Sunday, March 28, 2010

Mutants, Cowardice, and a Severe Misunderstanding of Quicksilver's Behavior

"We're trying to completely reimagine the concept of the super hero team book here," Mark Millar told Wizard. "I mean, wouldn't it be interesting to see some people chicken out and call in sick when there's somebody they know can kick the sh-- out of them?"
--Mark Millar during the runup to Ultimates
"It's a cynical corpse of a superhero universe"
--Kalinara, Miller vs. Millar: A Rant About Cynical Superhero Storytelling


I must confess that back in the 90s DC I had no aversion to a Mark Millar writing credit. I remember my sister pointing out--when he wrote DC books--that he had an irritating "twist" ending at the end of all of his stories that was predictable in itself, but I never really had a problem with him. It wasn't until they launched the Ultimate Universe over at Marvel that I realized that I hated Mark Millar's work.

I initially liked the line, Bendis's Ultimate Spider-man was quite good and the first storyline of Ultimate X-Men featured my favorite set of villains--Magneto and his two brats. But there was something about Ultimate X-Men that rang hollow, though at the time I couldn't quite quantify it. This had been meant to be a slick, streamlined relaunch but there was a sleazy layer of grime to it. Wolverine in particular seemed... lesser. As a fan of Wolverine's more relatable aspects (the cranky uncle of the Marvel Universe, the guy who finds it all the more irritating that he can't really hate the man married to that girl he loves, the brooder who stays above his animalistic nature but doesn't let on about it, the smartass old bastard on the team) I'm not impressed by making him a more brutal or successful fighter. I'm not impressed with crazy eyes or hostility from this character. (He's blunt, not hostile.) Millar seemed to have lost thehuman side of Wolverine. I'm quite attached to him as the guy who stands around the breakroom in his cowboy hat drinking beer and being kind of a dick to Cyclops, who puts up with it because he knows they can count on him in any situation. The inherent trustworthiness of Wolverine wasn't there. Maybe it was coming on to a teenager instead of a grown woman. Maybe it was not enough standing around the breakroom in his cowboy hat being good-naturedly dickish rather than just dickish. Whatever the problem, Ultimate Wolverine just didn't work for me.

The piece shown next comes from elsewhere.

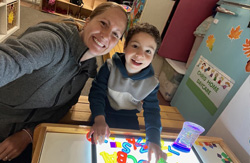 Child playing with light and letter toys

Ultimate Magneto was another problem. The common complaint is that Magneto is more honorable, but that wasn't precisely my problem. My problem is that Magneto is more mature than he was in the Ultimate universe. Really, attacking the White House and throwing around cars just seemed puerile to me. It wasn't something the arrogant old fuck we all know and love to hate would do. It's too small and childish for the guy who reversed the polarity of the whole fucking planet in the regular universe. The worst bit was him begging Xavier for mercy. Our Magneto is a sneaky hypocrite, but he has too much pride for that. He's a dignified bad guy. That's why he's such a big-name bad guy.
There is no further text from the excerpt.